Blowing a bead can be done, but it usually takes a lot of "work" to do it. Wedge a tire and twist it, is one good way. But I know guys that run 8 psi (on a Jeep) on a stock rim and have never blown a bead. I have never blown a bead, but I have gotten a stick wedged in the bead, and I run 10-12 on my very heavy Jeep, and 12 - 14 on the Raptor.
You are right. I do quite a bit of off-roading in the southwest. I have cut sidewalls but not gone through so as to lose air. Some of it is just luck, the rock being in the right angle, you hitting it just right, and so on. A small cut is really not an issue in a really good off road tire, like the BFGs. Also the KO2s on the Raptor are C range, which means their sidewalls are more pliable and again, in my opinion, less likely to get cut. Those people who put D & E range tires on the Raptor are not making their off road ability any better.Good comments, thanks.

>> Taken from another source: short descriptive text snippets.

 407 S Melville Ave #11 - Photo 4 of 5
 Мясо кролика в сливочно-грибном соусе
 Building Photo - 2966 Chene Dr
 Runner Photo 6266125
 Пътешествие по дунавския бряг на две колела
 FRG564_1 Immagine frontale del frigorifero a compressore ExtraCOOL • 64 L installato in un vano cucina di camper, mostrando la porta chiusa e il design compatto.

I travel on 'shot rock' sometimes. It is killer on bulging sidewalls. Have found some airing down reduces the balloon effect and tread chunking. But as it deforms more over the sharp rock, gets more sidewall cuts.

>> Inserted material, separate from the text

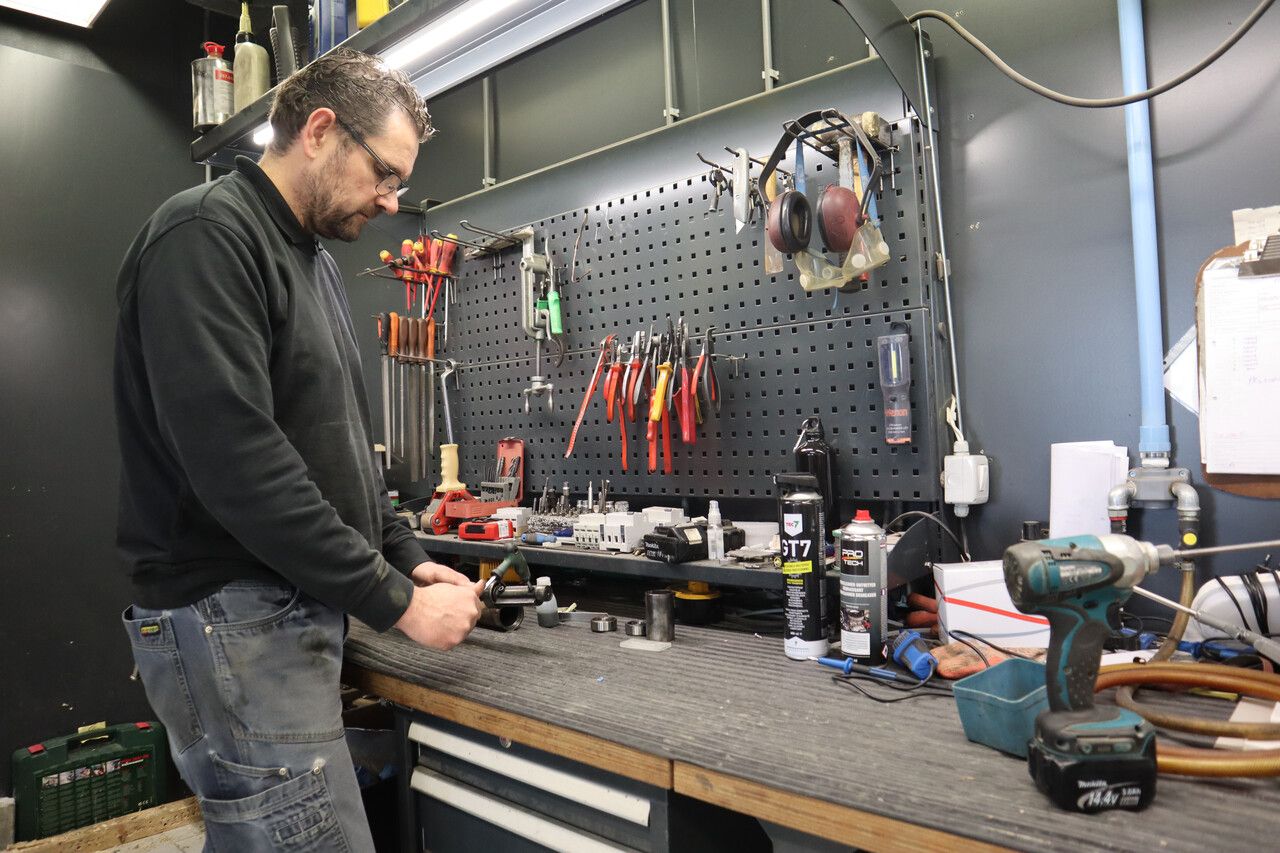 Monteur bezig met onderhoud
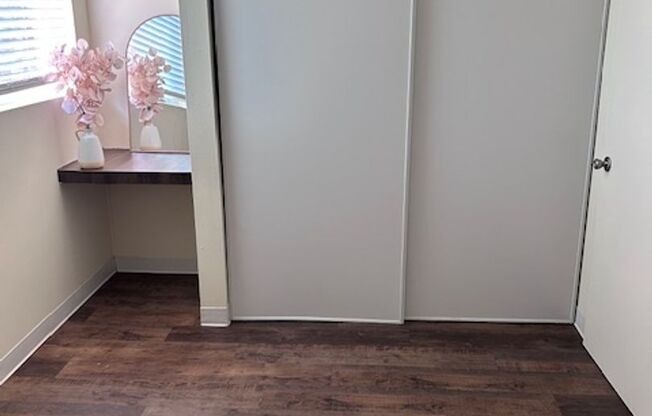 1 bed, 1 bath, 450 sqft, $1,095, Unit 216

Shot rock is typical of West coast logging roads where sharp granite rock ballast is used from blasting. Often thin or no gravel topping is used or remains after a few years. Speed further compounds the problem.
Silt, clay, mud, snow, river rock, sand and some types of blast rock are no problem at all. Very forgiving. Some rock cleaves at 90 degree planes and even that is fairly forgiving. But some is sharper than that.